BEGIN PROVIDED INFORMATION
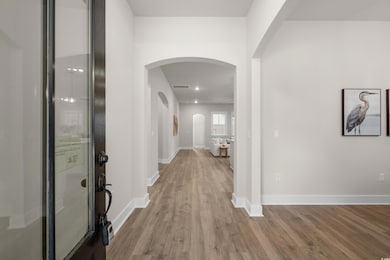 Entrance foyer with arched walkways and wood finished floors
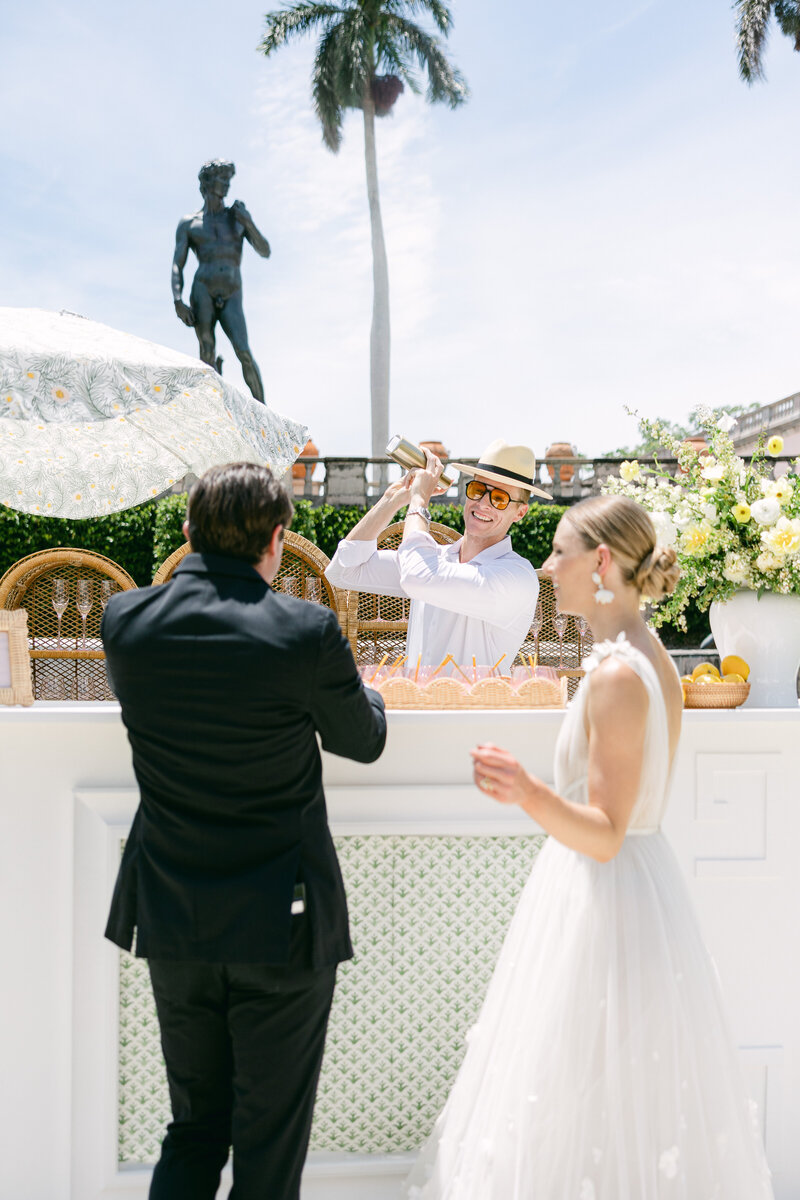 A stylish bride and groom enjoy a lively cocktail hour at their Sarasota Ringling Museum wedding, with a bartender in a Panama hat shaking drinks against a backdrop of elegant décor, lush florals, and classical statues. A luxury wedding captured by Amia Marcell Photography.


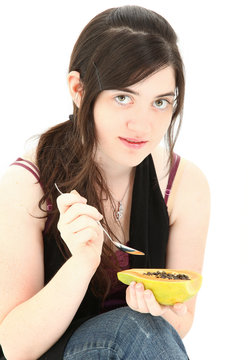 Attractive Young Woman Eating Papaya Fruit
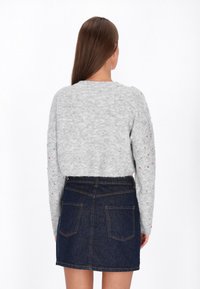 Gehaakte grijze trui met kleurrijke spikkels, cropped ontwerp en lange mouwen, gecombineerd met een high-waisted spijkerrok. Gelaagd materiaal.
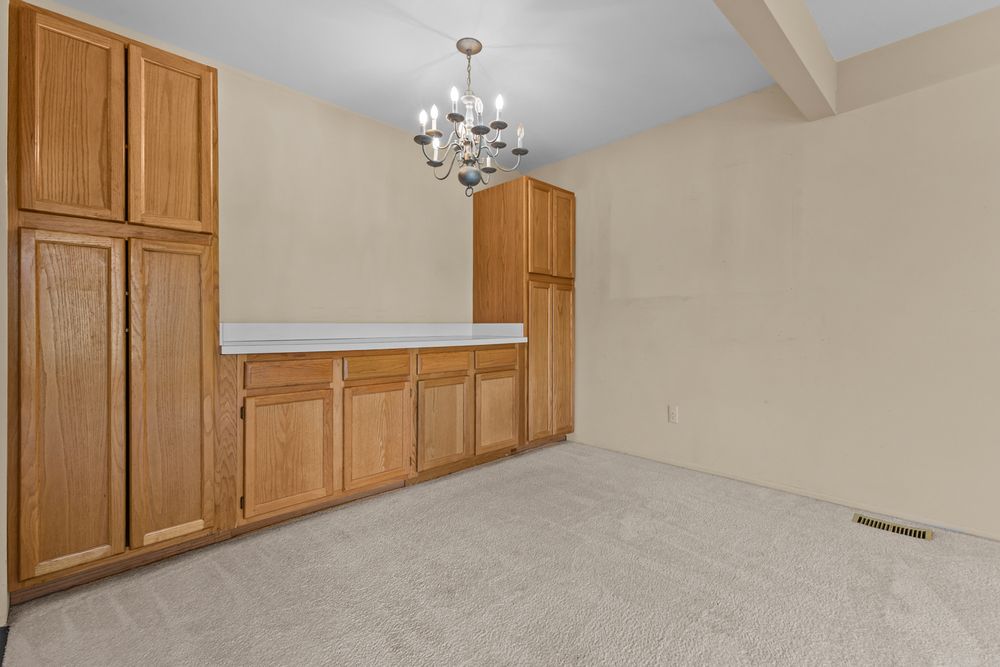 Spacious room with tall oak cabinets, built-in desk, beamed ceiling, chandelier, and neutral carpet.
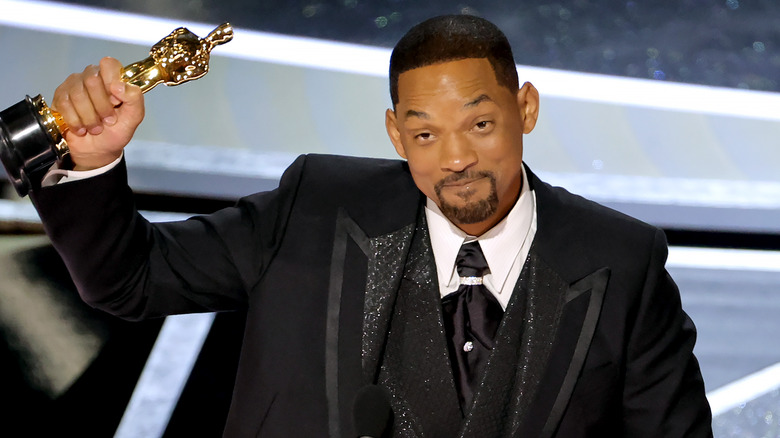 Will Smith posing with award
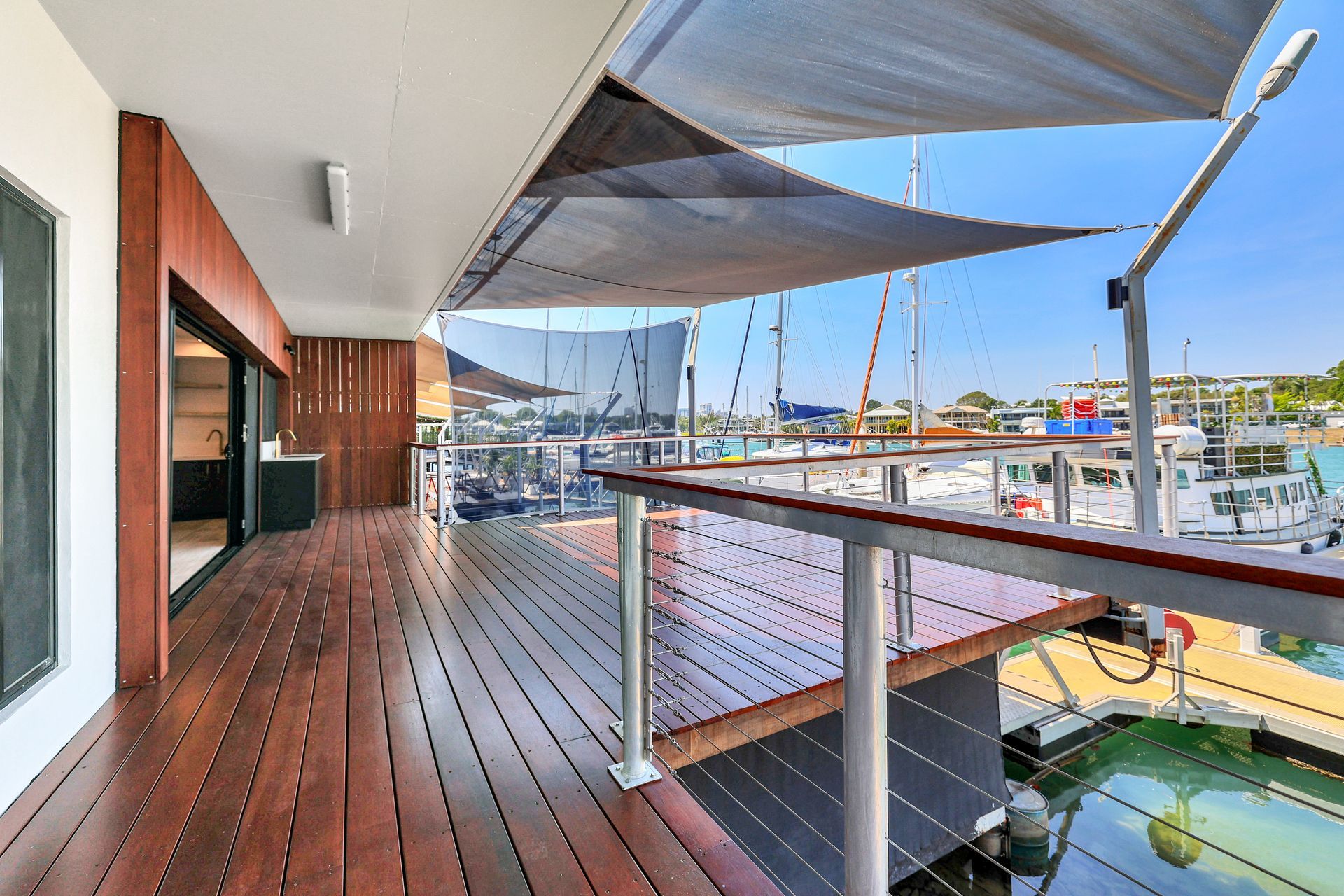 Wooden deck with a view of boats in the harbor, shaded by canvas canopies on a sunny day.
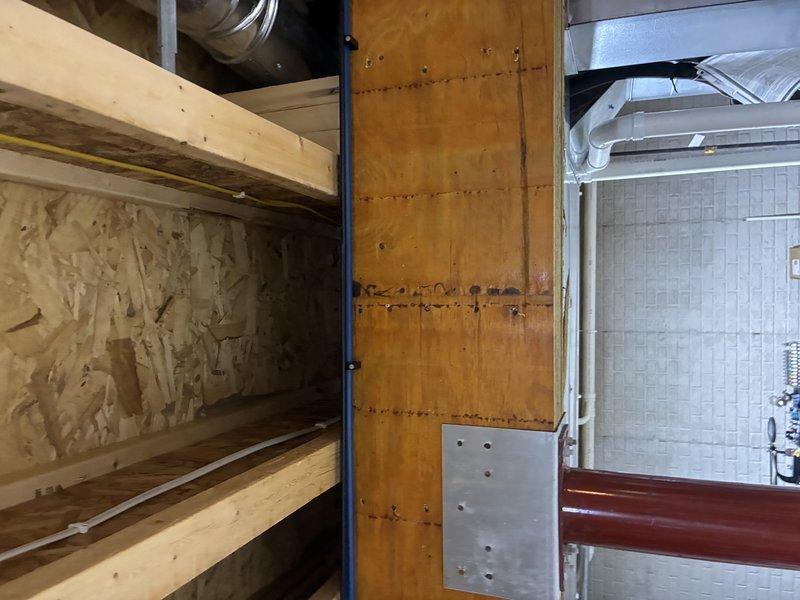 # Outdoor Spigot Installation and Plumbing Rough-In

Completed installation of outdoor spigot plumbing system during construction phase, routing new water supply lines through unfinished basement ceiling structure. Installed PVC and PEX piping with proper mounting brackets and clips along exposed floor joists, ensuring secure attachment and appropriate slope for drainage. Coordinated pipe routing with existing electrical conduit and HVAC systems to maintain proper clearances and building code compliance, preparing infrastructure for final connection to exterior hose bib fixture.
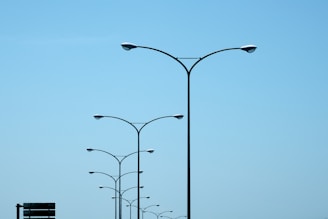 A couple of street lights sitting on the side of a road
END PROVIDED INFORMATION
Each line from the first line of the listing above through the line containing "Will Smith posing with award" is to be written out exactly, and the pictures are to be left out.

* [ANSWER TO THIS PROBLEM]:
 Entrance foyer with arched walkways and wood finished floors
 A stylish bride and groom enjoy a lively cocktail hour at their Sarasota Ringling Museum wedding, with a bartender in a Panama hat shaking drinks against a backdrop of elegant décor, lush florals, and classical statues. A luxury wedding captured by Amia Marcell Photography.


 Attractive Young Woman Eating Papaya Fruit
 Gehaakte grijze trui met kleurrijke spikkels, cropped ontwerp en lange mouwen, gecombineerd met een high-waisted spijkerrok. Gelaagd materiaal.
 Spacious room with tall oak cabinets, built-in desk, beamed ceiling, chandelier, and neutral carpet.
 Will Smith posing with award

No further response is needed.